A Nantes, Catherine Libault a créé en 2006 l’association Ami (Accompagnement, Migrants, Intégration) qui met en relation immigrés et maraîchers. « Quand on a démarré il y a huit ans, il y avait une réticence vis-à-vis des étrangers. Beaucoup de préjugés perduraient, ce n’était pas facile de convaincre les communes », explique-t-elle.
Aujourd’hui, son association fournit près de 10% des salariés à l’un des plus importants producteurs de la région, Jean-François Vinet. « Les maraîchers sont très satisfaits de cette main d’oeuvre. Cela prouve leur volonté de s’intégrer en France. Malgré ce travail qui demande une certaine pénibilité, il n’y a jamais eu d’absentéisme », assure Mme Libault.
En tout, 18 nationalités, dont une majorité de Guinéens, de Congolais et de Daghestanais, travaillent conjointement à la cueillette sur l’exploitation de M. Vinet. Certains sont hébergés dans des familles d’accueil.

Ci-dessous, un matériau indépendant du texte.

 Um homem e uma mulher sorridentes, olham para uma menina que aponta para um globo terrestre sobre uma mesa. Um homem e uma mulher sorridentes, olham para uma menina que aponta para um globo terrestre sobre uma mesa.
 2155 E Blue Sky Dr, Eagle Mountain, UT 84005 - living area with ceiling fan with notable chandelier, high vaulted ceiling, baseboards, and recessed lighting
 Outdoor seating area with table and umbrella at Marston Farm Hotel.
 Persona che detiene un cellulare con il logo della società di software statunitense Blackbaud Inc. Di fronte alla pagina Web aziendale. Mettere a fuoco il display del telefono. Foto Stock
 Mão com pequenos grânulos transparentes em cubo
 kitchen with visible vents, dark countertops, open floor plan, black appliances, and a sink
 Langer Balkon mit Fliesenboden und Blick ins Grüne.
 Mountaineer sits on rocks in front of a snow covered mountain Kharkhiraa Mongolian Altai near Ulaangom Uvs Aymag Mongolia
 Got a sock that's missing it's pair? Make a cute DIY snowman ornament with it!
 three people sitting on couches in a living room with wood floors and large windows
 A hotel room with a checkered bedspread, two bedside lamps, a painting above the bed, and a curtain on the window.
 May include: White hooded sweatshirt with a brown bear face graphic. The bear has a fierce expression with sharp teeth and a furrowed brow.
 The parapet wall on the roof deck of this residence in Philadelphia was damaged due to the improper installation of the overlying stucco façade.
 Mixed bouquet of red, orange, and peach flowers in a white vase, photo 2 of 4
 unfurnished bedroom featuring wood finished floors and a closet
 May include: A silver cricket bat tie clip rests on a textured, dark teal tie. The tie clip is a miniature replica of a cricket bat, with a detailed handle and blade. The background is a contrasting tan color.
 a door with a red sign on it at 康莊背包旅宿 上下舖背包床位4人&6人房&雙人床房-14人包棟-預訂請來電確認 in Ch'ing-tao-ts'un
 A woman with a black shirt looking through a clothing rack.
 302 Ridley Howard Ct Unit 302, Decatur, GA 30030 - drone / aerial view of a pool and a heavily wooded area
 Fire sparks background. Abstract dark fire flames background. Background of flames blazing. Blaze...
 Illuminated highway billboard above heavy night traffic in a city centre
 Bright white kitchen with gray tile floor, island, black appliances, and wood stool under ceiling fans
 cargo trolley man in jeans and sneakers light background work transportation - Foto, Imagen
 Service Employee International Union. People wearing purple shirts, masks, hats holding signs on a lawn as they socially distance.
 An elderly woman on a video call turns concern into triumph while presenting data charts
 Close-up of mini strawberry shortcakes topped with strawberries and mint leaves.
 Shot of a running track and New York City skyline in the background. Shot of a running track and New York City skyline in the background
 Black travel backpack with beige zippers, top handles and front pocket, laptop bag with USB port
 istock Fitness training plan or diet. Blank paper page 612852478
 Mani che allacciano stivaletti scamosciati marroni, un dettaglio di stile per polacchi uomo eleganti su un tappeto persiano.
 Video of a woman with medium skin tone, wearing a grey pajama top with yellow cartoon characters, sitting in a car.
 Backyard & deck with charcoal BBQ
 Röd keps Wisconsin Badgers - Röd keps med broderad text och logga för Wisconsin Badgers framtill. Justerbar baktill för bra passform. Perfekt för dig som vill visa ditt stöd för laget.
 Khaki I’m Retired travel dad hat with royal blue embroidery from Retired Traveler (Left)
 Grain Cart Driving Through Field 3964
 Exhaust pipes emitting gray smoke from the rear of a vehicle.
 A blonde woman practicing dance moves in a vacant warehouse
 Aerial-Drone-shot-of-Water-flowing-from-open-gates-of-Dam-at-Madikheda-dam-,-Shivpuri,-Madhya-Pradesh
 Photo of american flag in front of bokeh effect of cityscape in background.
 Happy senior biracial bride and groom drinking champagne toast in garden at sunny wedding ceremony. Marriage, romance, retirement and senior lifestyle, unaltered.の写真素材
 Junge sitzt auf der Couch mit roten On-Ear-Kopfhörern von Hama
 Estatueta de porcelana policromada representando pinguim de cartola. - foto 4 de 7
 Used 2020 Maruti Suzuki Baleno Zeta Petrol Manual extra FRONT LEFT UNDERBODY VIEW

Un nouveau type de travailleurs a fait son apparition : des retraités à la recherche d’un revenu d’appoint. Dans l’exploitation de M. Vinet, ils sont environ 150 sur les 2.000 personnes employées le temps de la récolte.
« Ce phénomène est assez récent, il a tendance à se développer depuis trois ou quatre ans », affirme M. Vinet.
C’est le cas de Raymond et Yvette, un couple de retraités embauché par Louis Douineau. « Nos retraites ne nous suffisent pas pour joindre les deux bouts, les 700 euros que l’on va toucher vont nous permettre de souffler un peu », confie Yvette, 71 ans.
Originaire du Japon, la petite fleur à clochettes a été introduite le 1er mai 1561 par le roi Charles IX qui prit la coutume d’en offrir chaque année. La tradition s’imposa dans les rues à partir de 1907.
Le pays nantais fournit près de 60 millions de brins à la métropole, ce qui représente un chiffre d’affaires de 15 millions d’euros pour l’ensemble des maraîchers de Loire-Atlantique.